When you decide to have your web site re-designed, there are some logistical considerations that you should be aware of.

Keeping the Same Hosting Company

If you have a web hosting account that you are happy with, then your web designer should create a new sub-folder on your web site and put the newly designed web site there. That way you can view what he is doing by putting in your web address plus the new folder, i.e. www.yourwebsite.com/new.>

In this way your web designer can build the new web site, and upload the files to the sub-folder, and you can look at it on your computer, give him edits or changes, and give him final approval before the new site is live.

Once you have a finalized design and content that you have approved, then your web designer can upload all the new files into the root folder and the new site will become live. He should also, before he uploads all the new files, download all your old files and keep them on his hard disk just in case anything goes wrong.

Switching Hosting Companies

If you are not happy with your hosting company for whatever reason, then the best thing is to have your web designer start a new hosting account and build the new site there. He will be able to give you a preview web address so you can view the new site while he is working on it.

I typically use GoDaddy and Hostgator for setting up new hosting accounts for client web sites. They are inexpensive ($5-8 per month) and I have had a good experience with both. GoDaddy’s basic hosting account is $5 per month and they have a “deluxe” hosting account for $8 per month where you can host multiple web sites for the same price.
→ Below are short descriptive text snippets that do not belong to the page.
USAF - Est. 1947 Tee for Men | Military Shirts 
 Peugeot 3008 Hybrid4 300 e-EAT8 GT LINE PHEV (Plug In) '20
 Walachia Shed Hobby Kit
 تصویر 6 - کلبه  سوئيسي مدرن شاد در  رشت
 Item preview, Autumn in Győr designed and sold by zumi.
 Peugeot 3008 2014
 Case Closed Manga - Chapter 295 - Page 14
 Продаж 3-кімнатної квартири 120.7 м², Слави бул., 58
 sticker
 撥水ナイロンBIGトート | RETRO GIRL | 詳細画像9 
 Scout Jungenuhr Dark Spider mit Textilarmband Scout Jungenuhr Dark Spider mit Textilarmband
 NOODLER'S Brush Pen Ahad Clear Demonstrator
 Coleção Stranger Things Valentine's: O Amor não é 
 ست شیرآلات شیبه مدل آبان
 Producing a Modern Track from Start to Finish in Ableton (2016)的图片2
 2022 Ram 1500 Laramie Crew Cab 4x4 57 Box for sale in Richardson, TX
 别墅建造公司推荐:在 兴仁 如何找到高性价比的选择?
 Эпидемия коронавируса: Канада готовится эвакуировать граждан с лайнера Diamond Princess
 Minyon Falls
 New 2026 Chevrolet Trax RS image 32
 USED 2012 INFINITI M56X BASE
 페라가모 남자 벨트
While your web designer is working on the new site in the new hosting account, your old web site will still be live. Visitors to the site will still see your old site until you’re ready to make the switch.

Once you preview the new site and approve everything, now the switchover can occur. The way this is done is that you have to know where the web address was registered, i.e. Network Solutions, GoDaddy, Register.com, etc. And you have to have the login information for your account. Your account with one of the domain registrars is separate from your hosting account, though some companies like GoDaddy do both domain registration and hosting.

So once you find the domain registrar login information (I find most clients have to dig to find this) then you log into the account, and switch the DNS (domain name servers). This means that the web address, or domain, will now point to a different computer, the computer at your new hosting company that holds your new web site files.

There is a record, contained in every web server across the planet, that includes every single web address, and what computer the files for that web address are on. Let’s say your old hosting company for your www.mywidgets.com web site was located in New Jersey. That record would point to that specific computer inside the hosting company in New Jersey, and so every time someone would type in www.mywidgets.com, their computer would be directed to that computer in New Jersey and pull up the files from that computer.

So now let’s say your new hosting company is in Arizona. Once you switch the DNS, that record gets updated on every web server across the planet, and it now points to that new computer in Arizona. Now when someone types in your web address, they get directed to that computer in Arizona and the files get pulled from that computer.

When you switch the DNS, it takes about 24 hours for the records to be “propagated,” which means they get updated on every web server across the planet.

Good luck with your web site re-design.